三年前の事故、確か最近同じ様な事を言われた様な気がする。最近と言わずに直ぐだった気がする。
考えたら頭痛が襲い頭が痛い。
「すまない、乱暴なコトはするつもりはなかったんだ」と年配の男性が言った。
バタンッ! と乱暴に扉を開けて部屋に入って来た人物がいた。
太った男性と、その後を追って入って来た髪がボサボサの無精ヒゲを蓄えた男性二人だ。
「話しが違うじゃないないか米田さん!」
無精ヒゲの男性は太った男性に詰め寄ったが太った男性、米田は無精ヒゲの男性を軽く突き飛ばした。
「うるせー! お前らがマゴマゴしてるから悪いんだろうが!」
「乱暴はしないって約束したじゃないですか!」
突き飛ばされた無精ヒゲの男性は、それでも太った男性米田に食って掛かった。
「この子はまだ子供なんですよ!」
年配の男性が無精ヒゲの男性と一緒に太った男性米田に何やら怒っている。
「そうですよ、怪我までさせるなんて」
年配の女性も加わり太った男性米田を非難している様だ。
するとまた別の人物が部屋に入って来た。
入って来た人物は若い男性だった。
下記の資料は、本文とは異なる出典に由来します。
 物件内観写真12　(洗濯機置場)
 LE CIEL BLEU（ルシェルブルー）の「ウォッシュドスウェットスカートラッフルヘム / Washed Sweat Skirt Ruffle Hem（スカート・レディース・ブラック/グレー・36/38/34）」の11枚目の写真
二十代前半位の男性で、その後ろから遅れて白髪の年配の男性がやって来た。
「春日部さん、だからって乱暴なコトをするなら私はこれ以上協力できませんよ!!」
頭痛の生か私は、今いちこの状況についていけないでいたが、彼らの顔には見覚えがあった。此処にいる人達は皆、三年前のあの事故で家族や友人を失った被害者達だ。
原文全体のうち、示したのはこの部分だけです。